# Problem details
Only the lines from the one that contains "Family Teide Two-Bedroom" through the end of the entries, both included, should be transcribed, exactly and without pictures.

# Supplied material
--- START ---

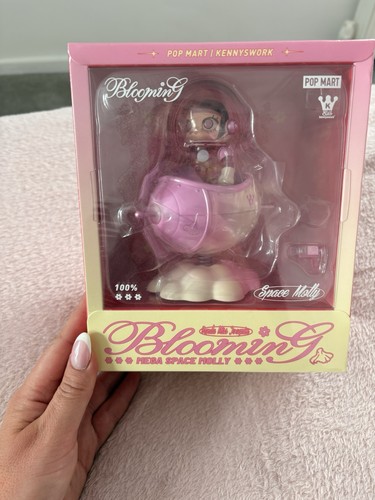 Pop mart blooming mega space - blooming,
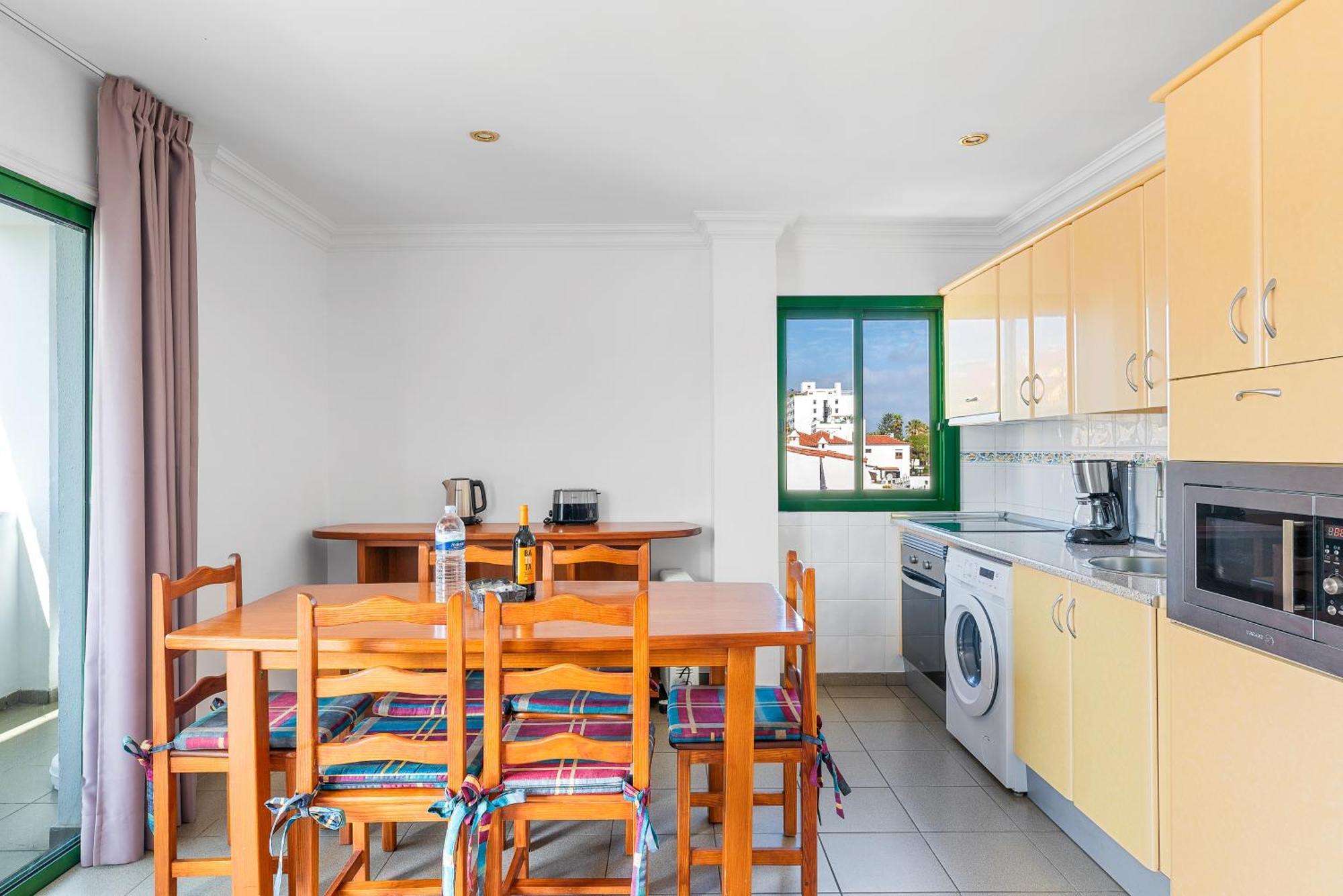 Family Teide Two-Bedroom Apartment Teide View Sunny Balcony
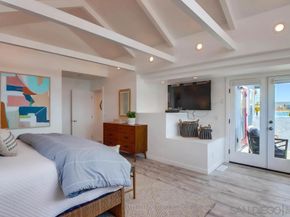 3291 Bayside Walk, San Diego CA 92109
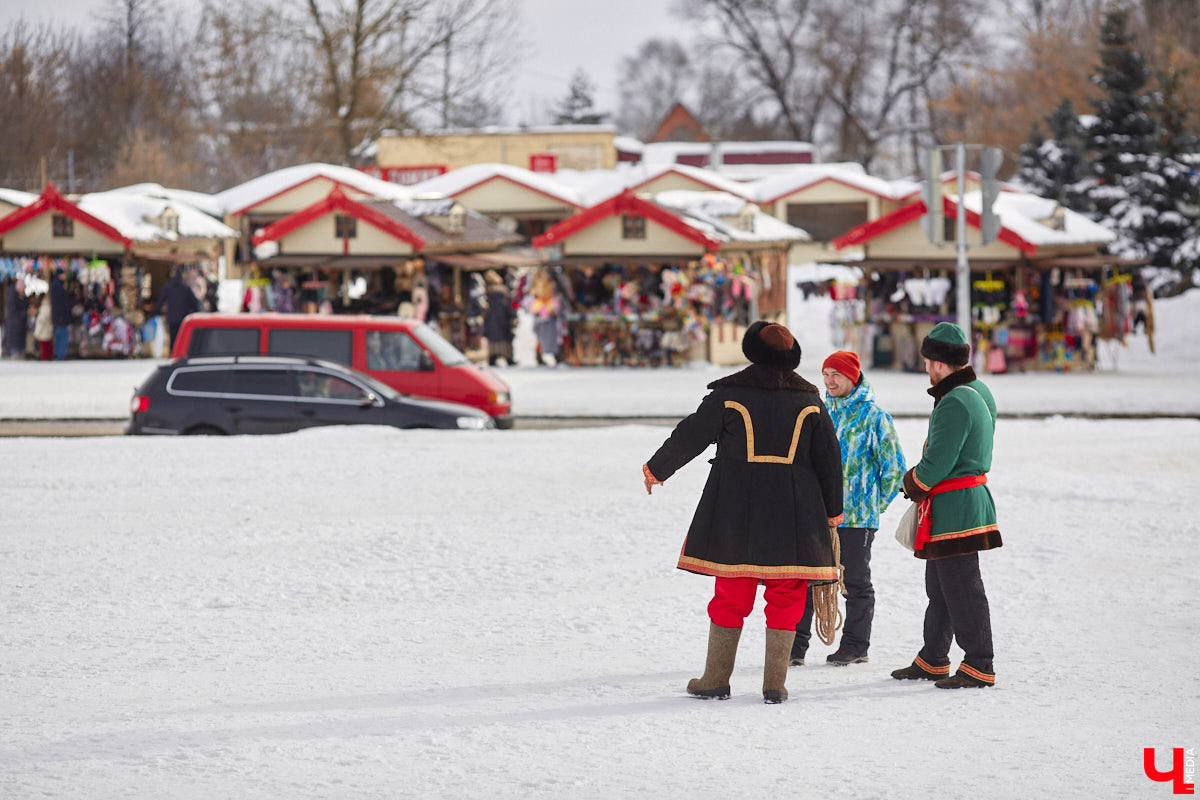 Два миллиона туристов посетили Владимирскую область в прошлом году. Планы на этот не менее амбициозные. Впереди тысячелетие Суздаля, День семьи, любви и верности в Муроме. Каждый праздник привлечет не одну сотню тысяч гостей. Что же предпринимают в регионе, чтобы их стало еще больше?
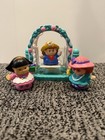 Fisher-price Little People Arbor Fence Swing Sonya And Maggie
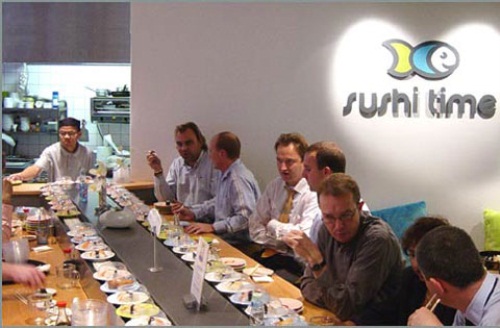 ランチでにぎわう寿司・バー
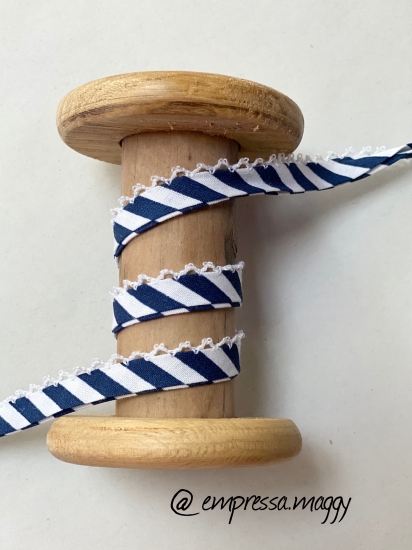 Schrägband mit Häkelborte - Marine/Weiß breit gestreift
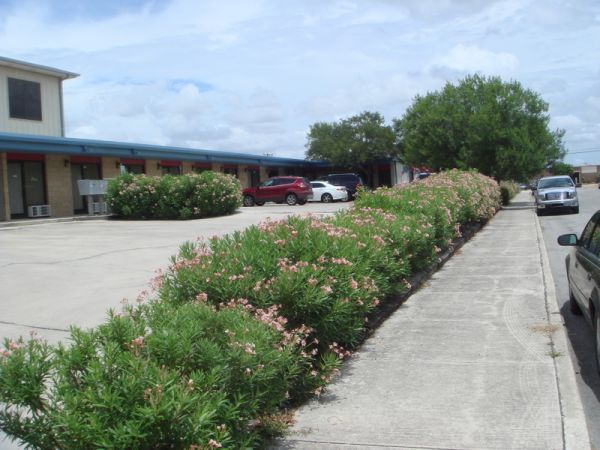 Alamo Broadway Mini-Storage - 1999 Gulfmart Street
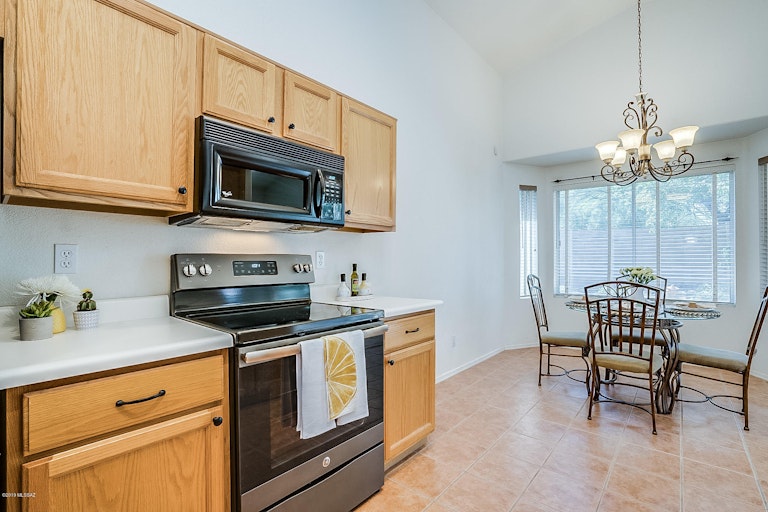 Photo 15 of 41 - 10186 E Covington St, Tucson, AZ 85748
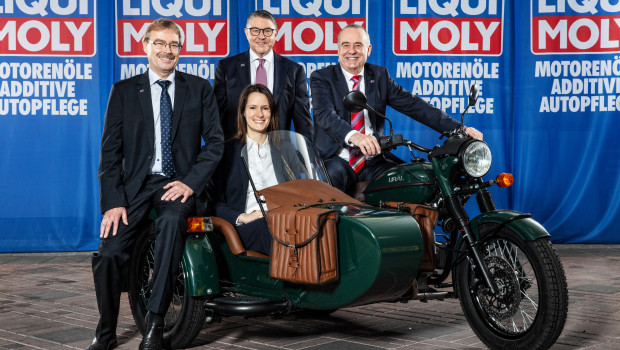 Können inzwischen im Rückblick auf 2019 wieder strahlen: Liqui Moly-Geschäftsführer Günter Hiermaier, Marketingleiter Peter Baumann, Geschäftsführer Ernst Prost (von links) sowie Alexandra Holzwarth (Assistentin der Geschäftsführung).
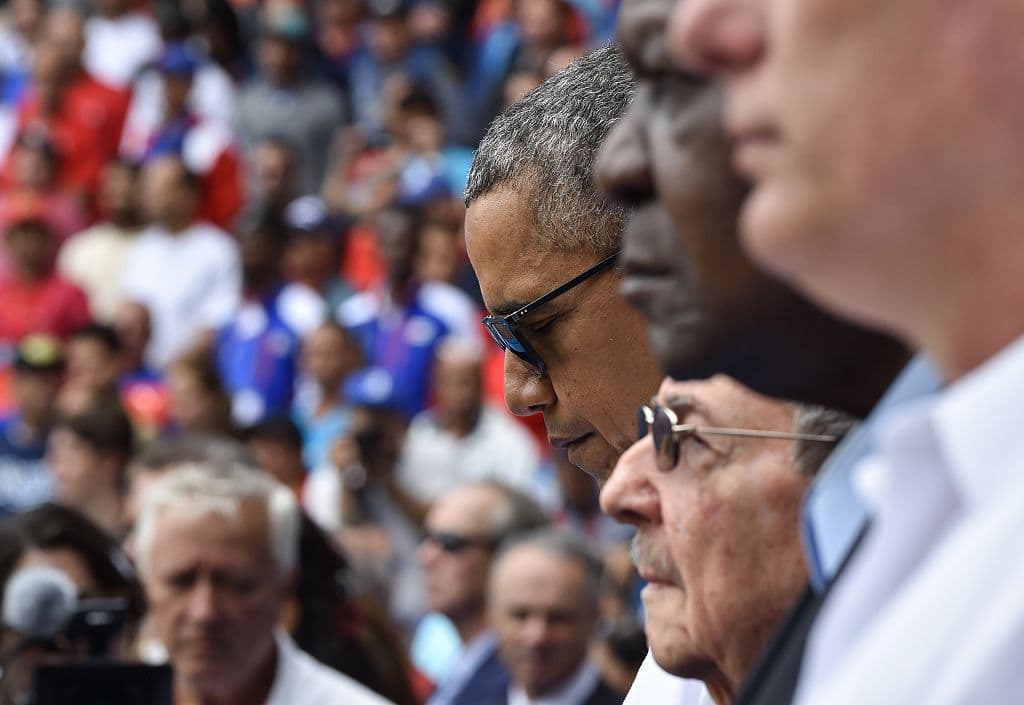 Antes de iniciar el partido, el estadio Latinoamericano hizo unos minutos de silencio por los atentados terroristas ocurridos la mañana de este martes en Bruselas, donde murieron unas 30 personas. (Foto GettyImages)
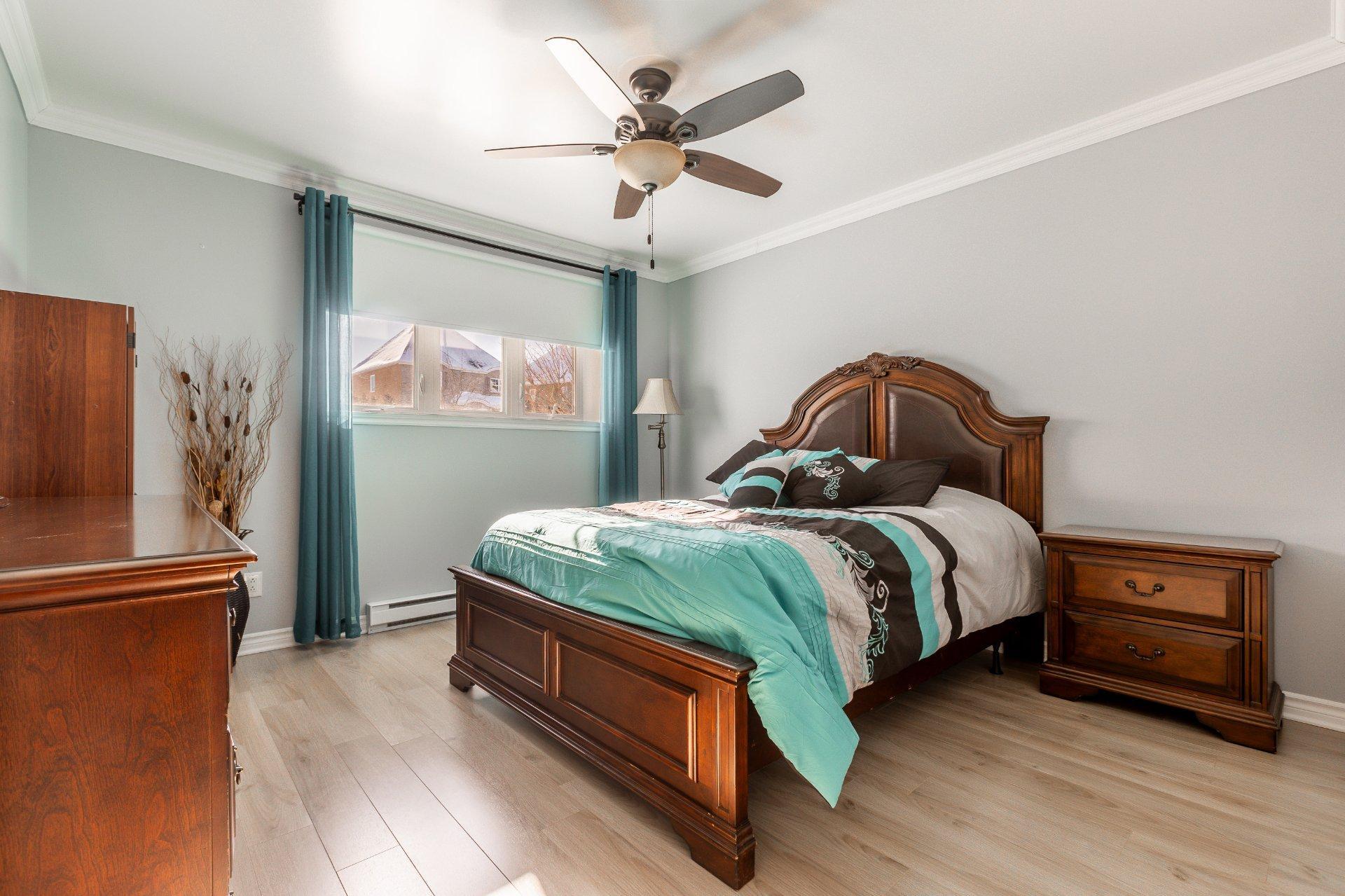 









819


Boul. le Bourg-Neuf

, 101,
Repentigny (Le Gardeur),




QC
J5Z0A3


--- END ---

# Solution for this task
 Family Teide Two-Bedroom Apartment Teide View Sunny Balcony
 3291 Bayside Walk, San Diego CA 92109
 Два миллиона туристов посетили Владимирскую область в прошлом году. Планы на этот не менее амбициозные. Впереди тысячелетие Суздаля, День семьи, любви и верности в Муроме. Каждый праздник привлечет не одну сотню тысяч гостей. Что же предпринимают в регионе, чтобы их стало еще больше?
 Fisher-price Little People Arbor Fence Swing Sonya And Maggie
 ランチでにぎわう寿司・バー
 Schrägband mit Häkelborte - Marine/Weiß breit gestreift
 Alamo Broadway Mini-Storage - 1999 Gulfmart Street
 Photo 15 of 41 - 10186 E Covington St, Tucson, AZ 85748
 Können inzwischen im Rückblick auf 2019 wieder strahlen: Liqui Moly-Geschäftsführer Günter Hiermaier, Marketingleiter Peter Baumann, Geschäftsführer Ernst Prost (von links) sowie Alexandra Holzwarth (Assistentin der Geschäftsführung).
 Antes de iniciar el partido, el estadio Latinoamericano hizo unos minutos de silencio por los atentados terroristas ocurridos la mañana de este martes en Bruselas, donde murieron unas 30 personas. (Foto GettyImages)









819


Boul. le Bourg-Neuf

, 101,
Repentigny (Le Gardeur),




QC
J5Z0A3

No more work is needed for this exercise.